Scientists from Cornell Tech found the problem that is standing on the way of the ultimate internet security goal.
Computers are not that old, but cryptography has been around for thousands of years. Ancient leaders were trying to encrypt their messages, for example. However, now scientists found that cryptography has a natural ‘mother’ problem – its solution is always embedded in the code.
For thousands of years cryptography was cyclical – the same code could be used again and again until someone broke it. But in the 1970s it became more like a one-way function – information is encrypted using a single-use code. Basically, without a key your chances of decrypting a message are equal to restoring a lit match to its unlit state.
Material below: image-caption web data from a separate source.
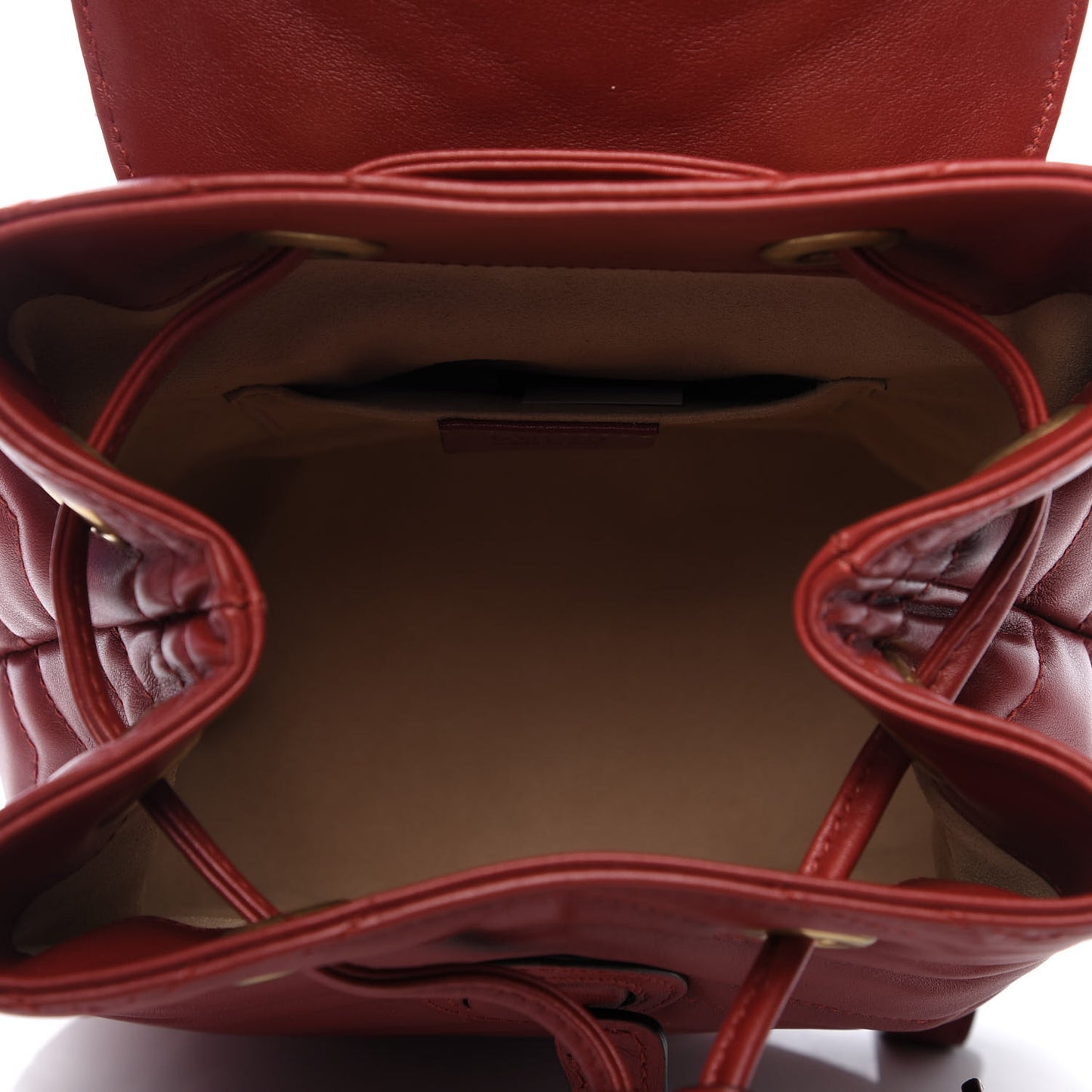 Calfskin Matelasse GG Marmont Flap Backpack Hibiscus Red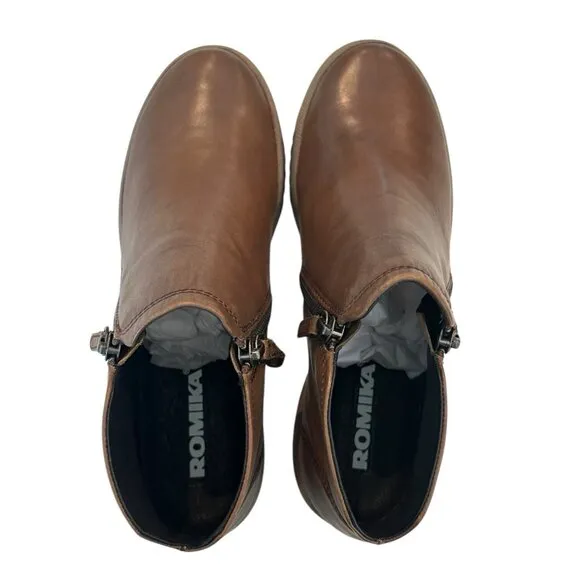 Romika Women’s Ankle Boots Zip Brown Leather Sz 38 Soft Comfort Cushioned Nice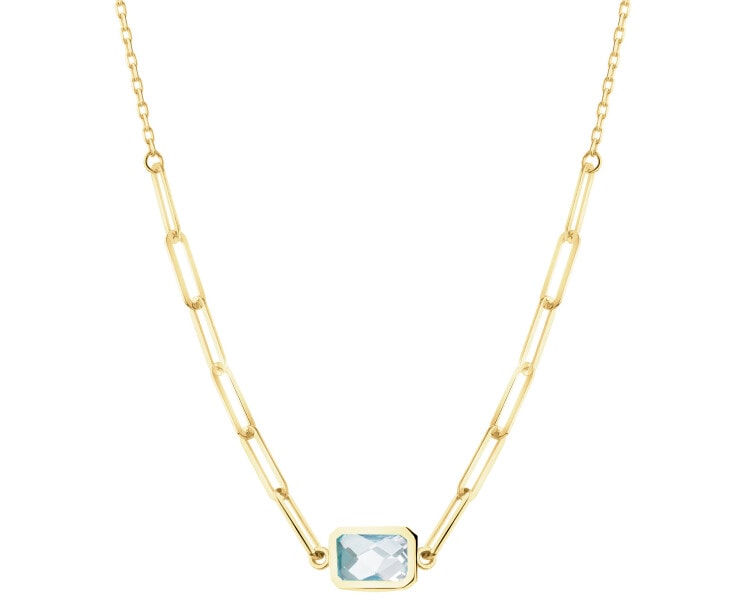 8 K Yellow Gold Necklace with Quartz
However, nothing is really random. In the 1960s mathematicians identified what’s known as Kolmogorov Complexity – quantifying the amount of randomness or pattern of a string of numbers. It describes the shortest computer program that can describe a line of numbers. For really simple patterns the program can be pretty short. But long and complicated strings (for example, 37539017332840393452954329), the program is likely to be longer than the string itself. This means that in computer science you could create a very hard time-bounded Kolmogorov Complexity, which would result in one-way functions. In other words, this theoretical finding could redefine internet security.
Rafael Pass, co-author of the paper, explained: “If you can come up with an efficient algorithm to solve the time-bounded Kolmogorov complexity problem for a large fraction of things, then you can break all crypto, all encryption schemes, all digital signatures. However, if no efficient algorithm exists to solve this problem, you can get a one-way function, and therefore you can get secure encryption and digital signatures and so forth.”
Therefore, scientists are nearing realization that there is either no ultimately secure way of encrypting data or that there is a method in the future. Complicated stuff. However, it is worth looking for, because thousands and thousands of people become victims of some kind of information loss every year.